Soha Farhin Pine Pine - 4 years, 4 months ago

@Soha Farhin Pine Pine – Ok, give me one or two days, please... See my previous link again,without any sound please.

P. S.- I'll write the proof, but I need one or two days...

Guillermo Templado - 4 years, 4 months ago

@Guillermo Templado – It's OK. It was just a suggestion. You don't need to painstakingly demonstrate the reasoning behind the implication, if it kills your time and energy.

Soha Farhin Pine Pine - 4 years, 4 months ago

@Soha Farhin Pine Pine – Don't worry, I'm looking for a link, if I don't find a link with the proof I'll write it. Be calm... I'll do it... I have found this: here is the proof

P.S.- I hope you like it. The basic idea is there

Guillermo Templado - 4 years, 4 months ago

@Guillermo Templado – I like questions, because if you don't get one thing, or you can't understand something, or it's difficult for you, asking you can get to understand it..little by little, of course. For example, if you ask what is the Jacobian matrix of a differentiable function defined in $\mathbb{R}^n$ , you are not going to understand it, if you don't ask, study preliminary knowledge,etc. In Spain we say: Preguntando se llega a Roma... Possible translation: Asking to arrive in Rome ...

Guillermo Templado - 4 years, 4 months ago

It is a well-known fact that Sum of angles in a n-gon is $(n-2) \times 180 ^ \circ$ . This is often shown by triangulating the polygon with diagonals.
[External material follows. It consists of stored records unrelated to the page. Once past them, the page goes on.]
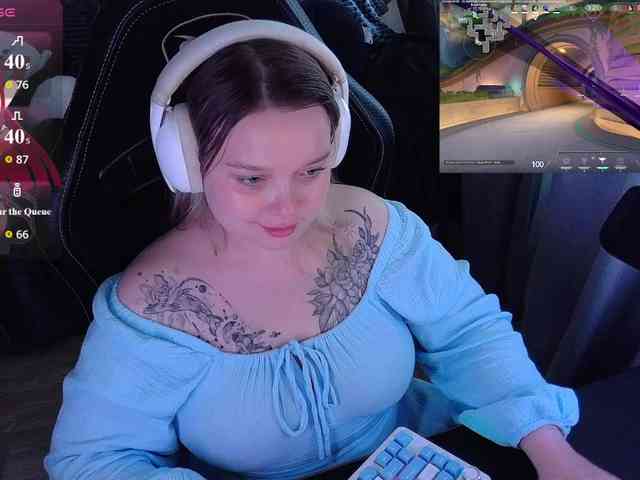 AlinaAdams webcam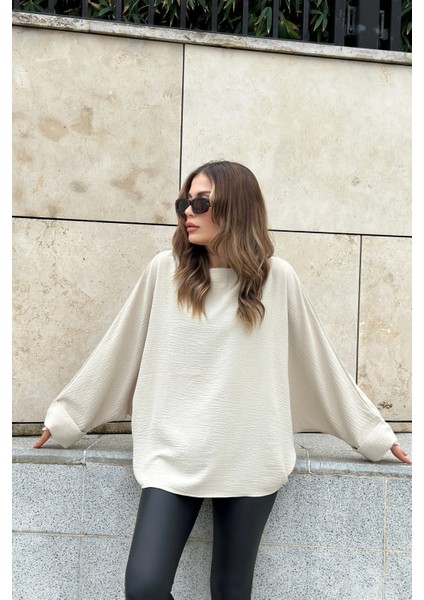 Kadın Bej Airobin Yarasa Duble Kol Salaş Bluz Ekstra Oversize Yuvarlak Yaka - Tesettüre Uygun indirimleri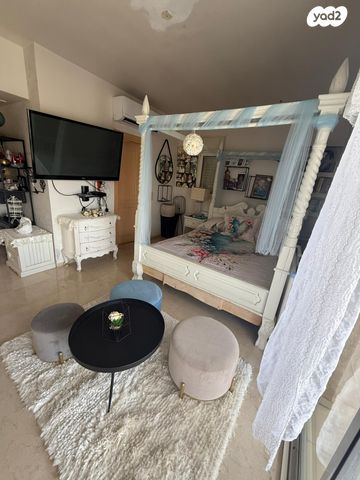 בית פרטי/ קוטג', השמש, הרקיע, הגולף, קיסריה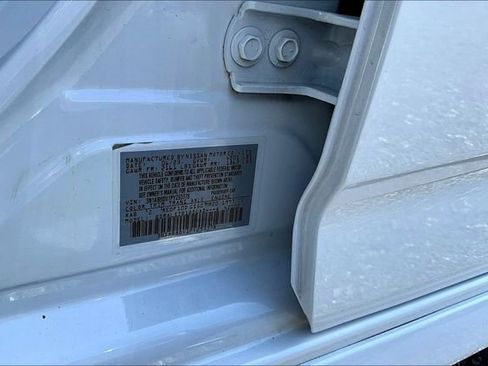 Used 2023 Nissan Sentra SR w/ SR Premium Package FWD image 18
Chung Kevin - 4 years, 4 months ago

Yes, it's like this, due to triangulation... Can someone show why the sum of interior angles of a triangle is 180 º (in the Euclidean plane $\mathbb{R}^2$ )? This question is the bonus .... :)

Guillermo Templado - 4 years, 4 months ago

@Guillermo Templado – Here's a proof without words as you would like it.

Tapas Mazumdar - 4 years, 4 months ago

@Tapas Mazumdar – Yes, that's exactly what I had in my mind, thank you very much Tapas Mazumdar

Guillermo Templado - 4 years, 4 months ago

@Guillermo Templado – So, what's my bonus?! :P

Tapas Mazumdar - 4 years, 4 months ago

@Tapas Mazumdar – I don't know... Maybe, other question? would you like it? The question is this: Postulate 5º Euclidean axiom: In a Euclidean plane, Given two points $A$ , $B$ , and a point $C$ , not underlying in the line $AB$ , then there exists one and only one line containing $C$ parallel to $AB$ . (Imagine this axiom in $\mathbb{R}^2$ )Then this 5º Postulate Euclidean axiom in $\mathbb{R}^2$ is equivalent to the sum of angles of any triangle in the Euclidean plane $\mathbb{R}^2$ is $\pi = 180 º$ ?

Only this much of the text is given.